---------- Exercise data
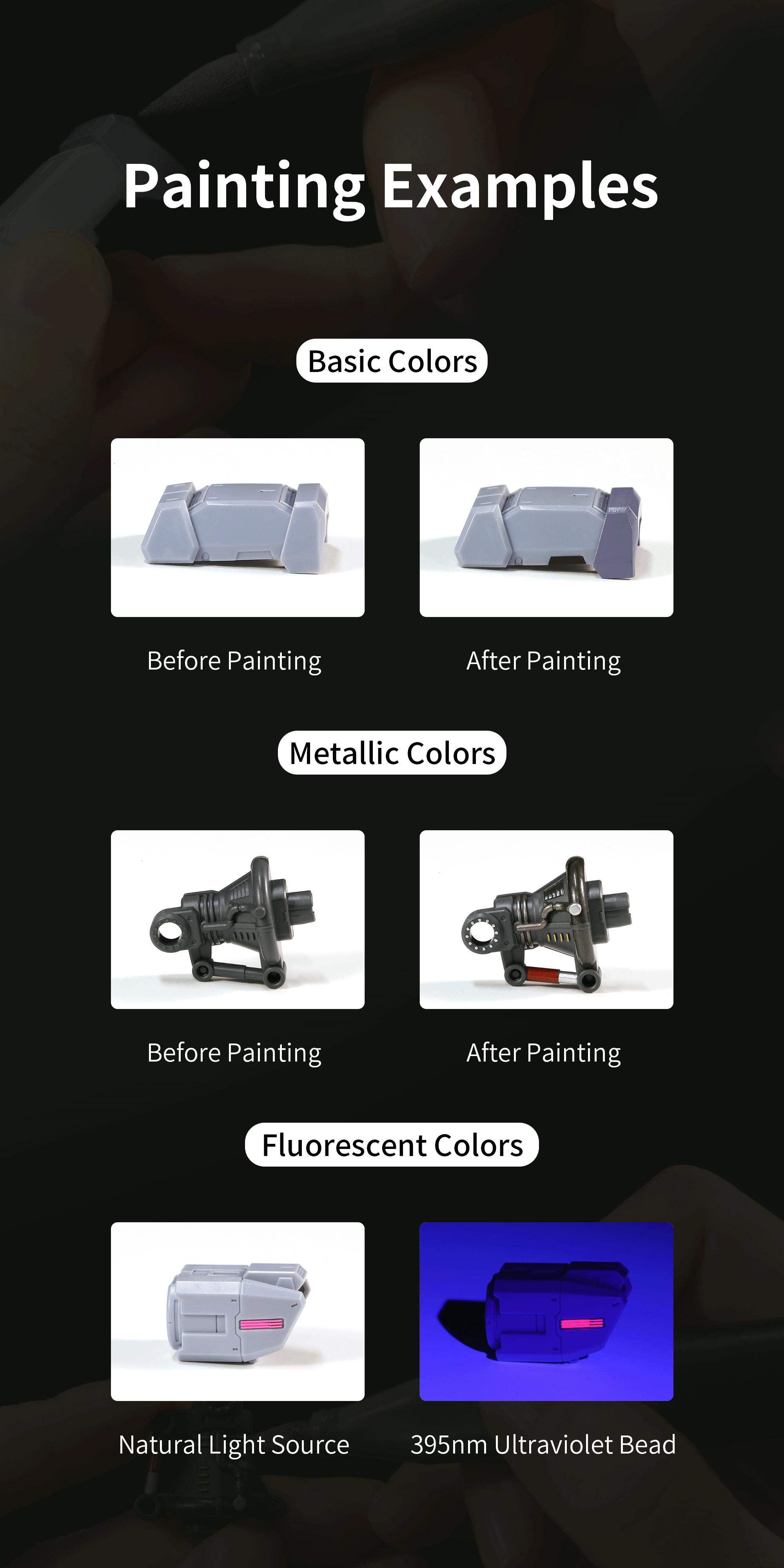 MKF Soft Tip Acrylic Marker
--------------------
---------- Exercise data
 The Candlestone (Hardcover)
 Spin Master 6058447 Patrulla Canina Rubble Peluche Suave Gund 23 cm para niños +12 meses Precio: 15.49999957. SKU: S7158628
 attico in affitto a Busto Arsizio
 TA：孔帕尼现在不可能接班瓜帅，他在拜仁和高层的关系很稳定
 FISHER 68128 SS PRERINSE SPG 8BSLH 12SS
--------------------
Work task —
The reply should consist solely of the lines above from the one that has "The Candlestone (Hardcover)" through the one that has "FISHER 68128 SS PRERINSE SPG 8BSLH 12SS", reproduced exactly.

Output for this task —
 The Candlestone (Hardcover)
 Spin Master 6058447 Patrulla Canina Rubble Peluche Suave Gund 23 cm para niños +12 meses Precio: 15.49999957. SKU: S7158628
 attico in affitto a Busto Arsizio
 TA：孔帕尼现在不可能接班瓜帅，他在拜仁和高层的关系很稳定
 FISHER 68128 SS PRERINSE SPG 8BSLH 12SS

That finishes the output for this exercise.